11. Besides easy integration with the electronic health record (EHR) and now with Zoom, what other health tech systems can Saykara integrate with to facilitate a larger hospital enterprise management system?
The most important system for Saykara to integrate with is the electronic health record (EHR). All of the data that we create ultimately ends up in the EHR. We also routinely interface with scheduling systems and practice management systems to obtain a physician’s schedule. In some instances, based on the clinical setting, the types of encounters and/or the scope of data involved, a customer may choose for Saykara to interface with something like a lab system or hemodynamic system. Ultimately, we will look to interface with any type of system that contains information directly applicable to the physician or patient experience or otherwise useful to improving the AI and augmenting our knowledgebase.
12. With disruptive health tech now giving rise to robotic surgeries, AI charting, IoT patient care, and more. What further breakthroughs are you expecting in the upcoming decade?
In the future, I envision AI will become central to every aspect of a physician’s workflow. It will very likely be able to identify the best course of care for many of the most common ailments, having learned directly from physicians, and will become the first course of care for many patients. This will free physicians to concentrate on more complex, higher acuity issues.
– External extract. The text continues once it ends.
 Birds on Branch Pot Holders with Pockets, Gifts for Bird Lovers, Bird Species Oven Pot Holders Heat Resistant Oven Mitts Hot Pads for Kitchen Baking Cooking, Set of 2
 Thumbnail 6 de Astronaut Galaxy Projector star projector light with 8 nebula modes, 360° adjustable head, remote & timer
People will look back and wonder how healthcare was ever delivered without these kinds of AI systems, similar to the way people look back and wonder how we ever lived without our smartphones.
13. Which industry other than healthcare are you watching in terms of AI tech innovations?
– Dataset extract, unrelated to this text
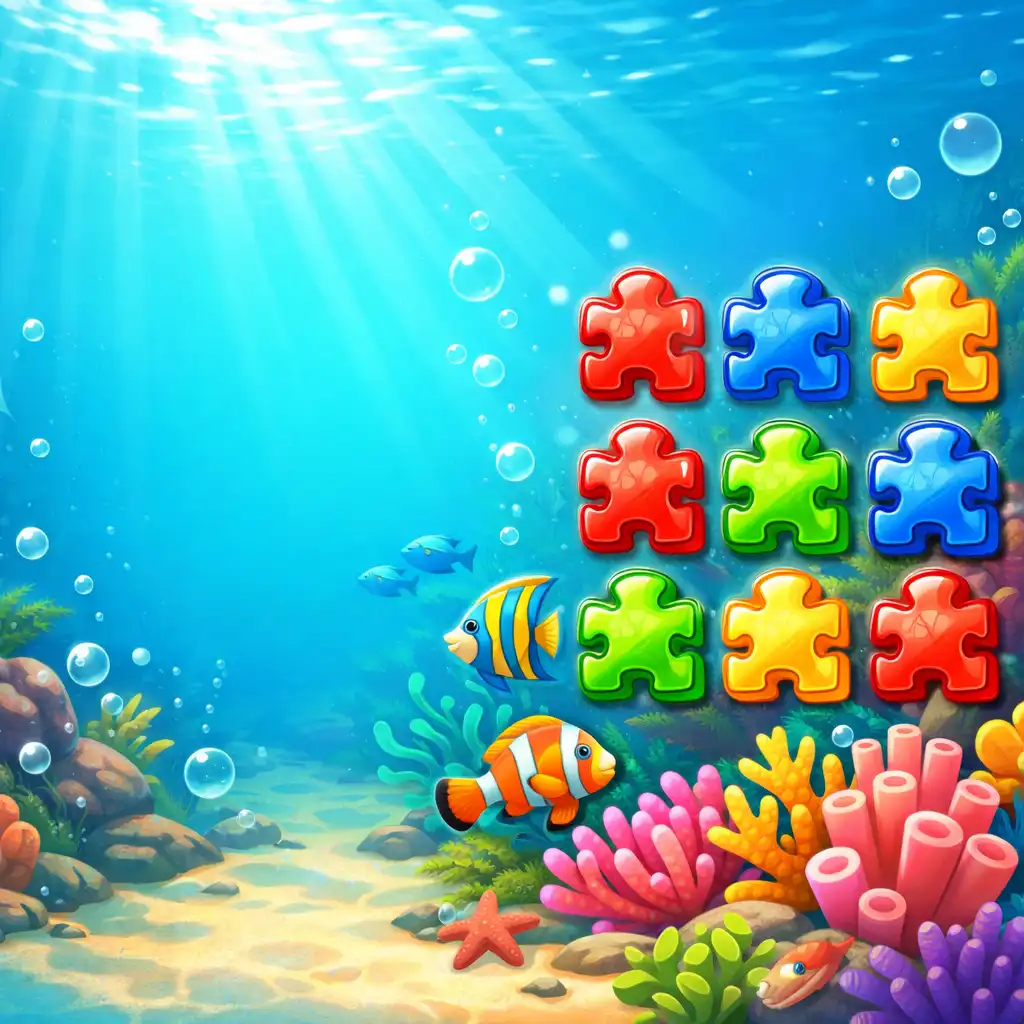 Barevná podmořská scéna z hry Ocean Blast s korály, rybami a drahokamy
I am not sure it is a particular industry I am watching as much as the impending revolution of AI systems that can converse in a very natural way with people, which I believe will have an impact across every industry.
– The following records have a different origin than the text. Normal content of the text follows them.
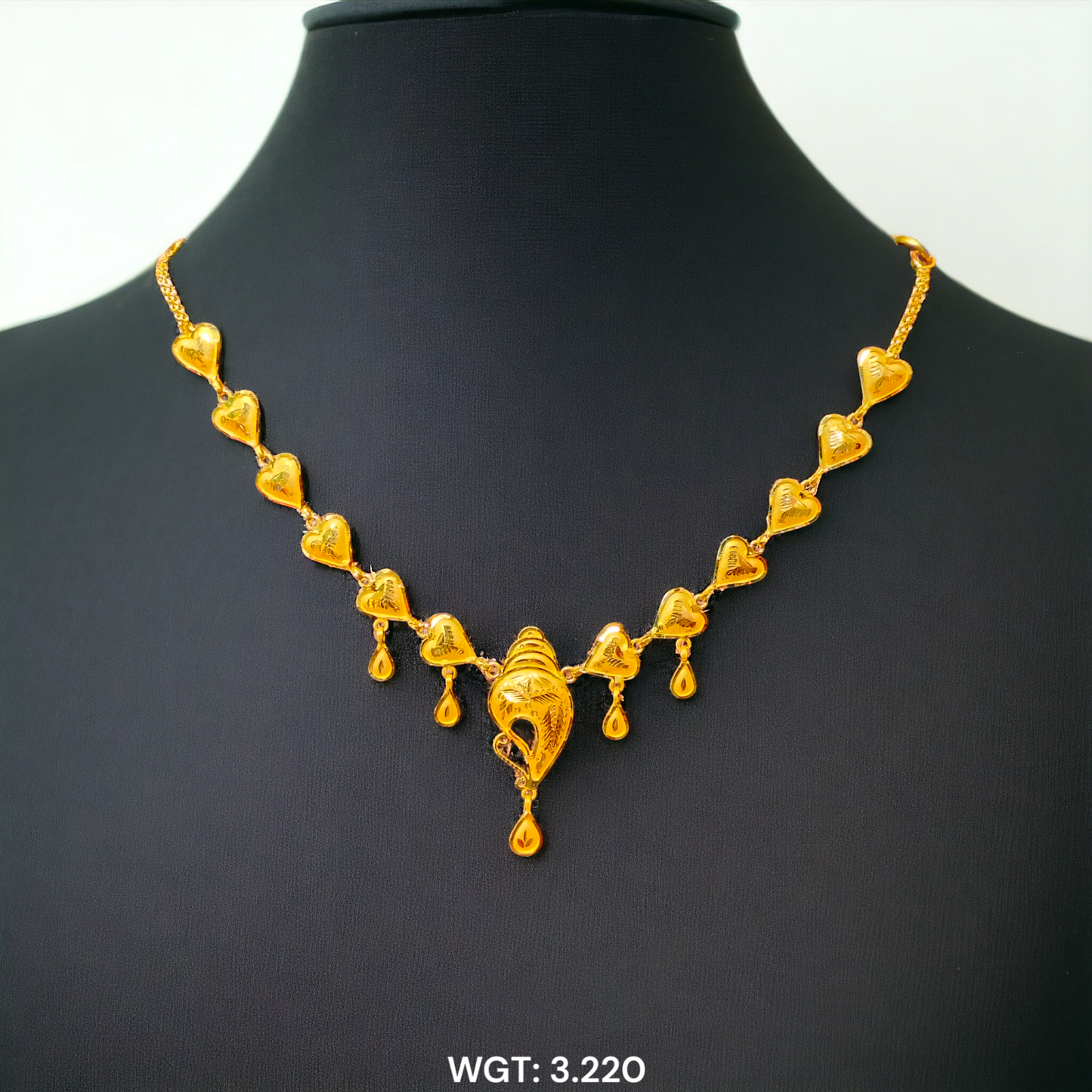 (GNC) RAJLAXMI WGT: 3.220 GM APPROX HUID HALLMARK 22KT GOLD NECKLACE 1 PIECE WITH ADJUSTABLE TASSEL.
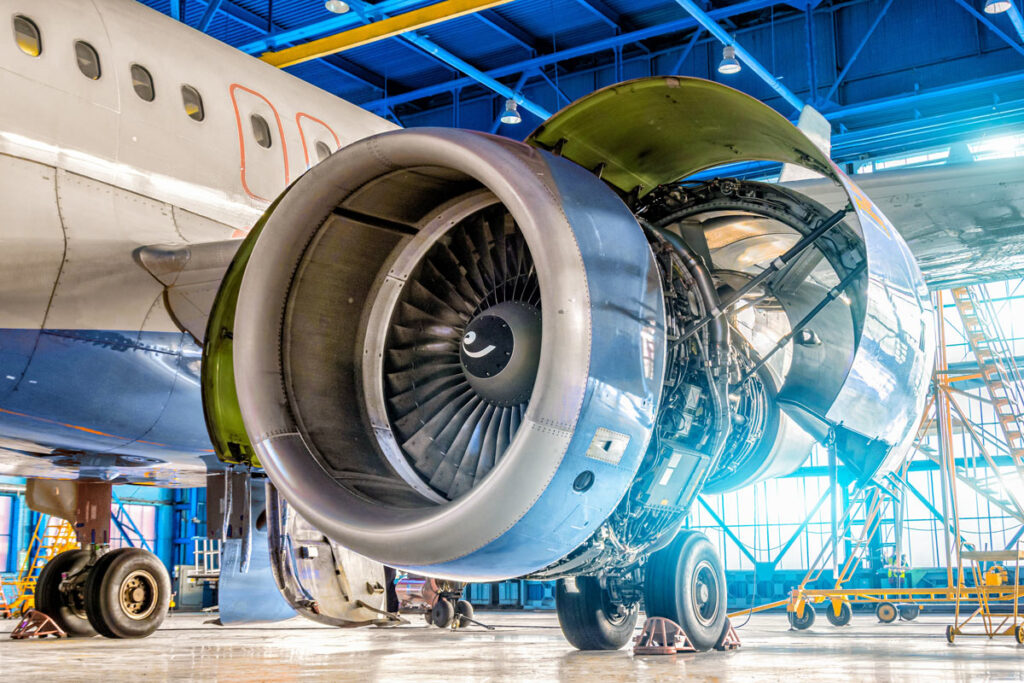 A jet engine opened up and being worked on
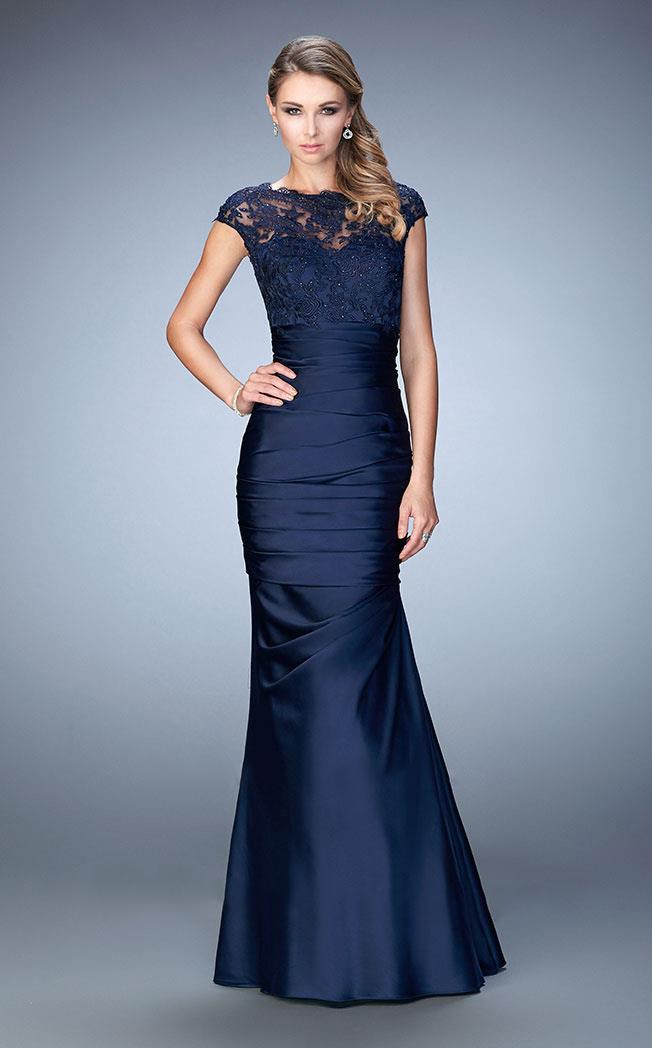 La Femme - 21961 Lace Sparkling Pleated Satin Gown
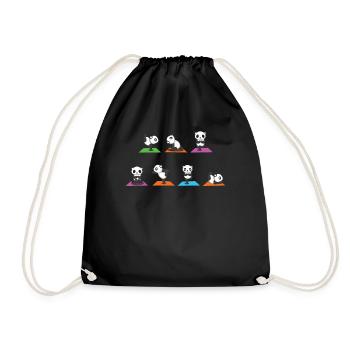 Zen Namaste Animal Meditation Kawaii Panda Yoga - Drawstring Bag - black - Front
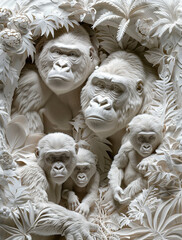 Gorilla and family, generative ai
When we reach the point that AI systems can understand our conversations – understand the way we naturally converse with each other – this will open up a whole new world of possibilities. It will transcend every aspect of our lives. We are already on the cusp of that revolution, and that is the trend I watch most closely.
14. What is the one leadership motto you live by?
I have never had a motto, per se, but one of the key leadership philosophies I have held over the years is to never confine people to a particular role. I believe in allowing people the freedom to stretch and extend beyond a defined set of responsibilities, then watch and encourage where they naturally gravitate to and where they excel. This is how you get the very best out of people and how they thrive.
Founder and CEO of Saykara
Harjinder Sandhu, PhD, is the founder and CEO of Saykara, a healthcare technology company pushing the boundaries of conversational artificial intelligence and long-form natural language understanding in a mission to reduce the burden of electronic health record documentation and combat physician burnout. Harjinder has been a serial entrepreneur in the healthcare technology space and has stood at the forefront of innovations in speech recognition and machine learning for the past 20 years. Earlier in his career, he co-founded MedRemote, a healthcare-focused speech recognition company acquired in 2005 by Nuance. He then spent five years as VP and Chief Technologist of Nuance’s Healthcare R&D division. He also co-founded the patient engagement company, Twistle, and remains on its Board of Directors. Harjinder holds a doctoral degree (Ph.D.) and master’s degree (M.Sc.) in Computer Science from the University of Toronto and a bachelor’s degree (B.Sc.) in Computer Science from The University of British Columbia. He is a former Assistant Professor of Computer Science at York University and Visiting Scientist at IBM.